**WHAT THIS TASK INVOLVES**.
Treat the line containing "15 Pear Street, Greenslopes QLD 4120" as the first line of the answer and the last line of the data as its final line, reproducing every line between exactly.

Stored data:
################

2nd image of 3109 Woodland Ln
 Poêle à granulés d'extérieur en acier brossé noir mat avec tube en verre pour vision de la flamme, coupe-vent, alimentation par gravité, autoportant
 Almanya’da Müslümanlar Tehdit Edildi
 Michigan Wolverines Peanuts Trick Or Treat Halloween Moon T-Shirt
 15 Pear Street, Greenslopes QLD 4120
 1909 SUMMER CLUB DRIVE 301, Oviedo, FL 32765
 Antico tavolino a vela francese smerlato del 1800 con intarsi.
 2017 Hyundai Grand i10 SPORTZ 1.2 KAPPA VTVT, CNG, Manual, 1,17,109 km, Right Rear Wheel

################

**RESPONSE AREA**.
 15 Pear Street, Greenslopes QLD 4120
 1909 SUMMER CLUB DRIVE 301, Oviedo, FL 32765
 Antico tavolino a vela francese smerlato del 1800 con intarsi.
 2017 Hyundai Grand i10 SPORTZ 1.2 KAPPA VTVT, CNG, Manual, 1,17,109 km, Right Rear Wheel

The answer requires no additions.